* Caption-style text data:
========================
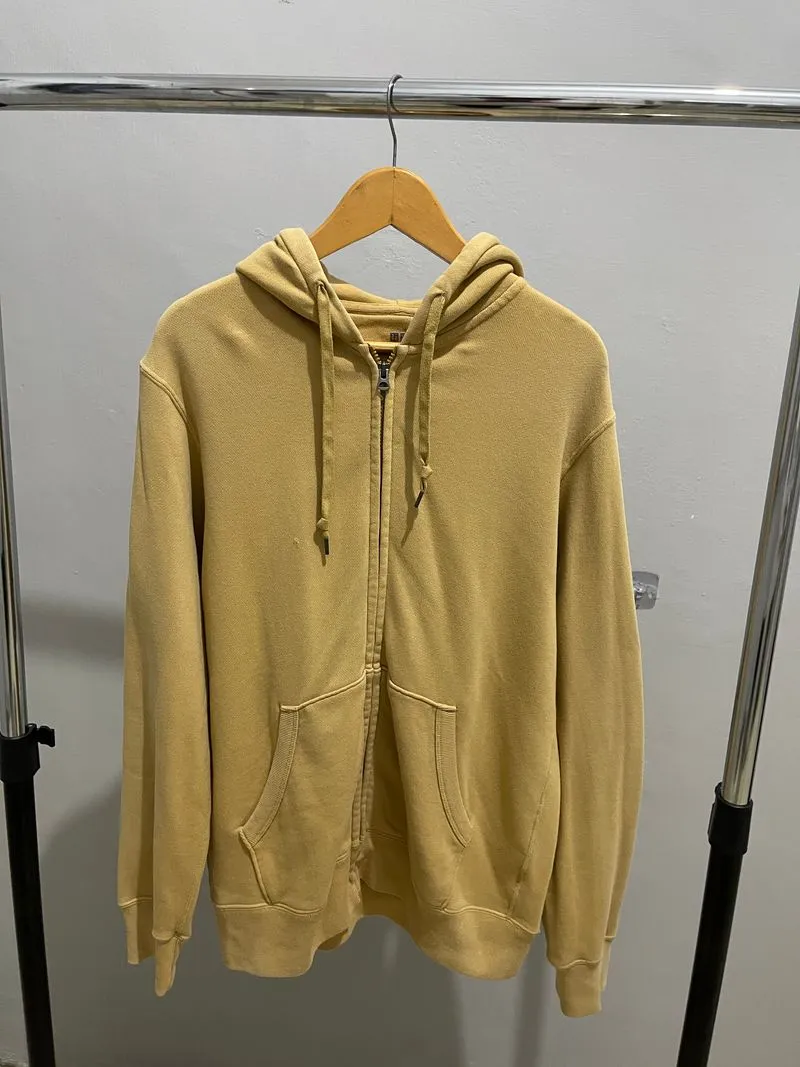 Hoodie Uniqlo Yellow original 100% size L photo 1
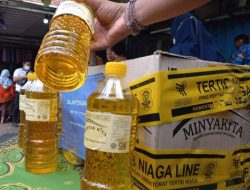 Polda Kepri Gelar Operasi Pengawasan Minyak Goreng Bersubsidi di Batam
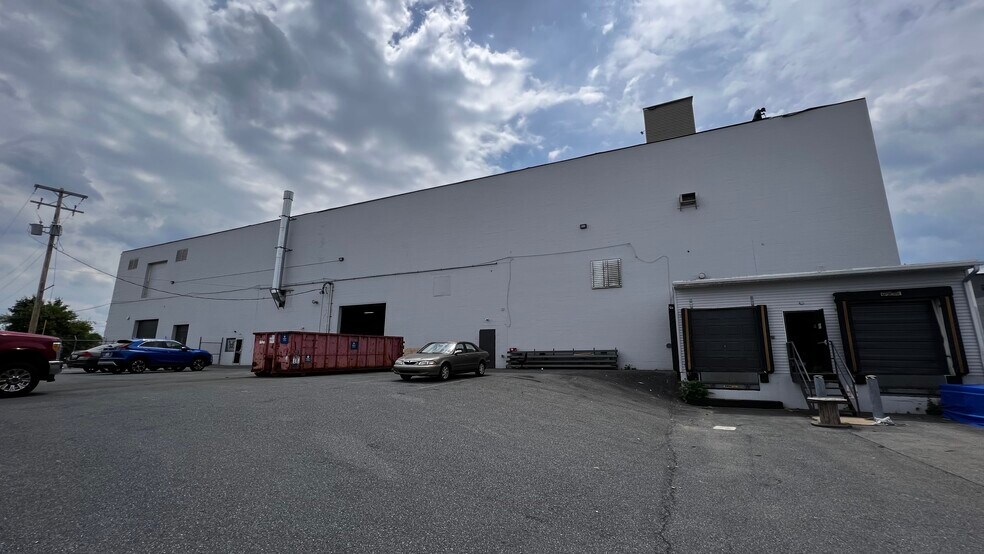 More Photos Of 1727-1801 Union Blvd, Allentown Warehouse For Lease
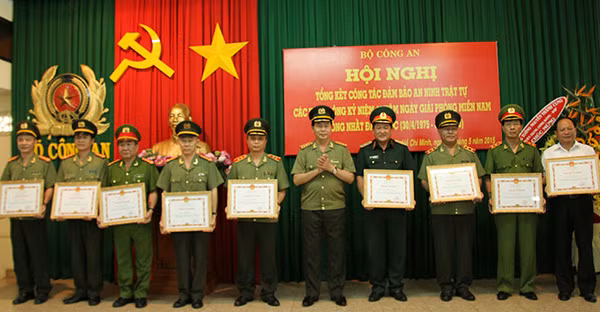 Bộ trưởng Trần Đại Quang tặng Bằng khen của Bộ Công an cho các cá nhân có thành tích xuất sắc. Bộ trưởng Trần Đại Quang tặng Bằng khen của Bộ Công an cho các cá nhân có thành tích xuất sắc.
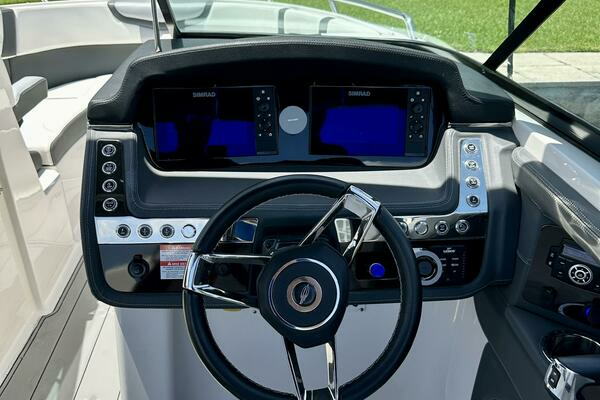 Photo of the 2022 Chaparral 267 SSX OB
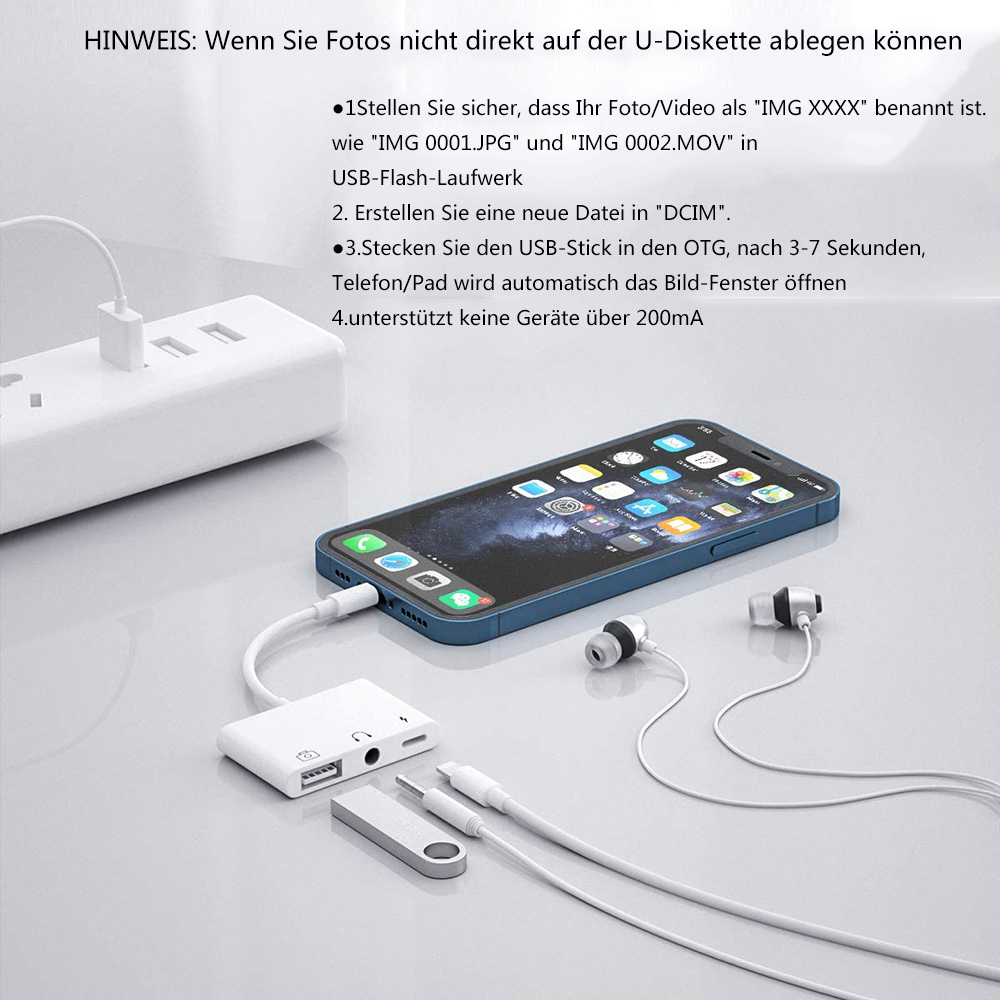 Ein Smartphone ist mit Zubehör verbunden: Kopfhörer, USB-Adapter und USB-Stick. Eine Steckdosenleiste ist im Hintergrund sichtbar.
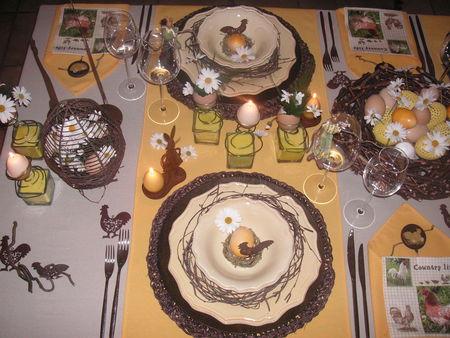 Table Pâques jaune-brune PICT0026_0002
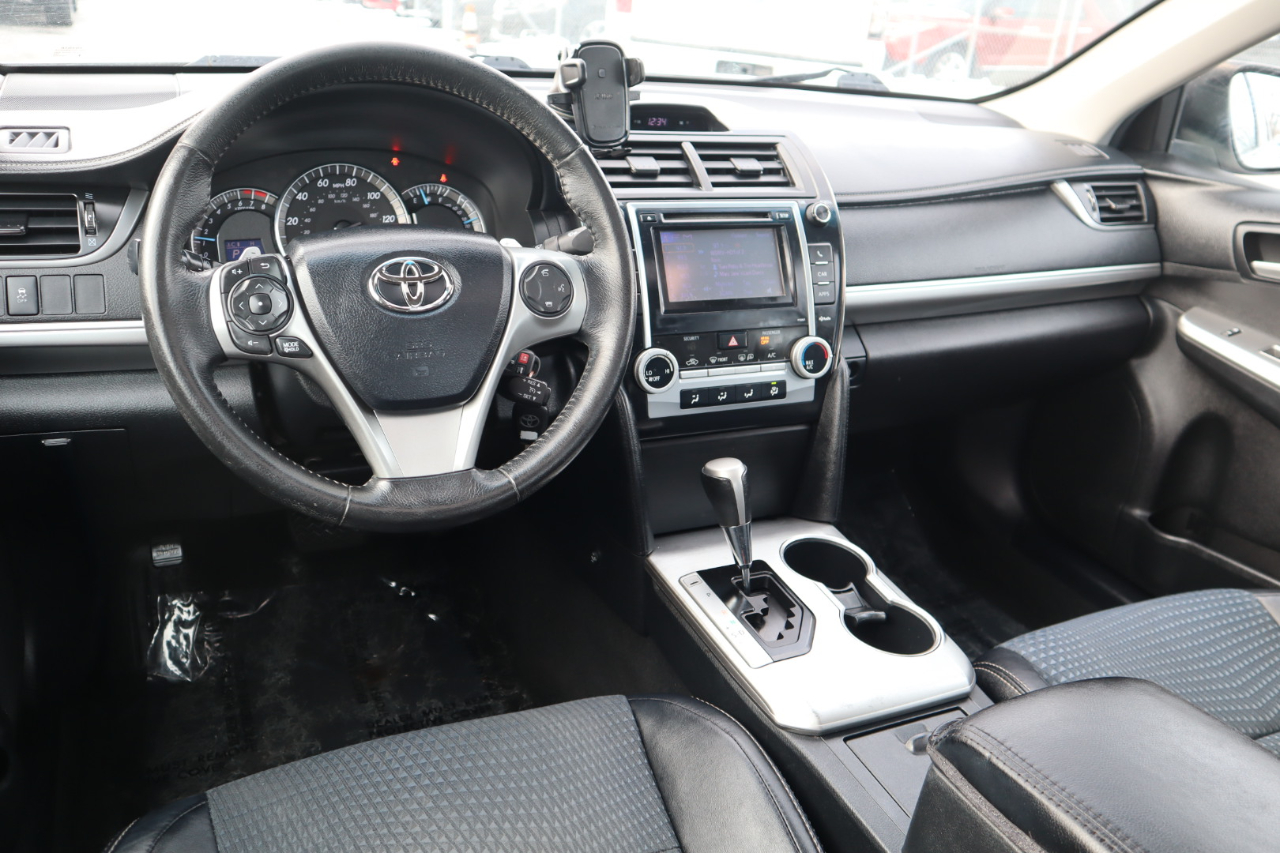 Toyota Camry SE 2012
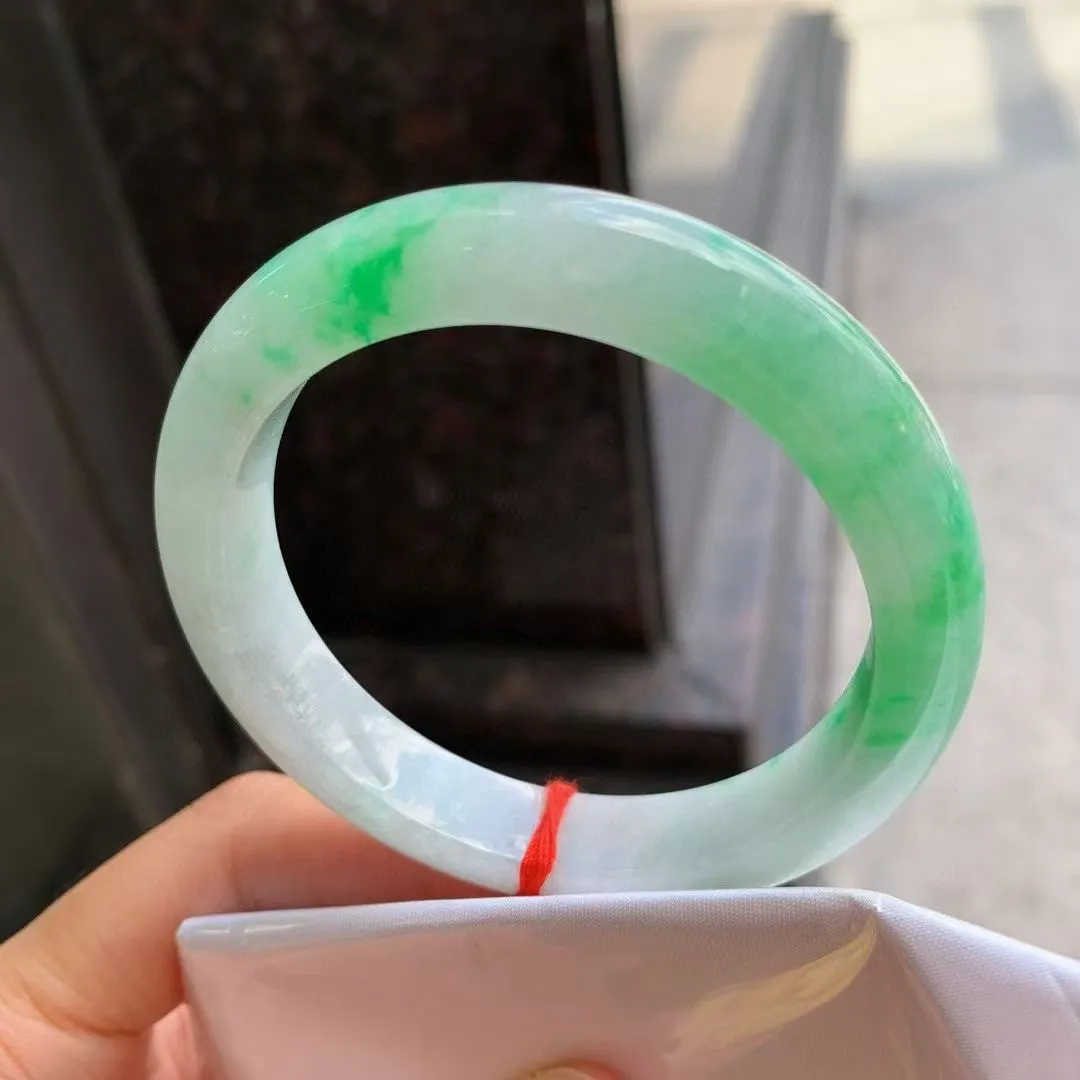 带色正圈
尺寸：56.5-11.5-8.9
色辣辣，底色均匀，种水很好，晶体细，卖相不错，上手效果好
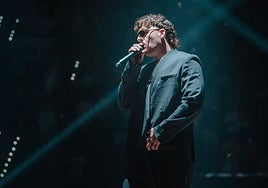 FOTOS | Quevedo pone a bailar al Roig Arena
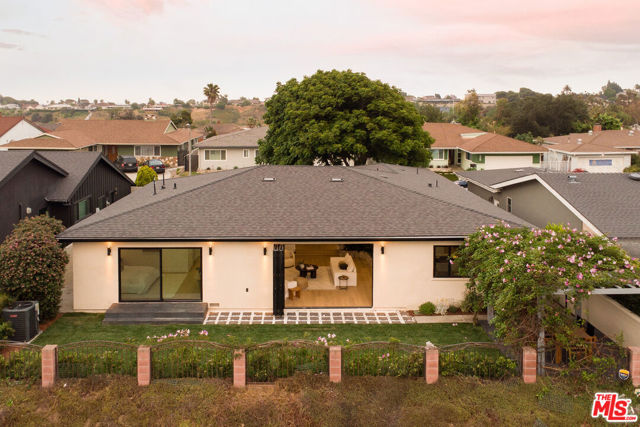 4731 Don Miguel Drive, Los Angeles CA: https://media.crmls.org/mediaz/338150fc-6d82-4cc0-976b-5e850e2d041a.jpg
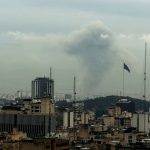 تصاعد الأدخنة من إيران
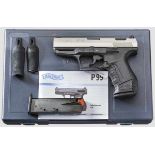 Walther P 99 AS, Bicolor, im Koffer Kal. .40 S & W, Nr. 412631. Nummerngleich. Blanker Lauf.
========================
* Activity: Exact text is required for the lines from the one with "More Photos Of" through the last line of the entries, both included. Omit pictures.

* Result for this task:
 More Photos Of 1727-1801 Union Blvd, Allentown Warehouse For Lease
 Bộ trưởng Trần Đại Quang tặng Bằng khen của Bộ Công an cho các cá nhân có thành tích xuất sắc. Bộ trưởng Trần Đại Quang tặng Bằng khen của Bộ Công an cho các cá nhân có thành tích xuất sắc.
 Photo of the 2022 Chaparral 267 SSX OB
 Ein Smartphone ist mit Zubehör verbunden: Kopfhörer, USB-Adapter und USB-Stick. Eine Steckdosenleiste ist im Hintergrund sichtbar.
 Table Pâques jaune-brune PICT0026_0002
 Toyota Camry SE 2012
 带色正圈
尺寸：56.5-11.5-8.9
色辣辣，底色均匀，种水很好，晶体细，卖相不错，上手效果好
 FOTOS | Quevedo pone a bailar al Roig Arena
 4731 Don Miguel Drive, Los Angeles CA: https://media.crmls.org/mediaz/338150fc-6d82-4cc0-976b-5e850e2d041a.jpg
 تصاعد الأدخنة من إيران
 Walther P 99 AS, Bicolor, im Koffer Kal. .40 S & W, Nr. 412631. Nummerngleich. Blanker Lauf.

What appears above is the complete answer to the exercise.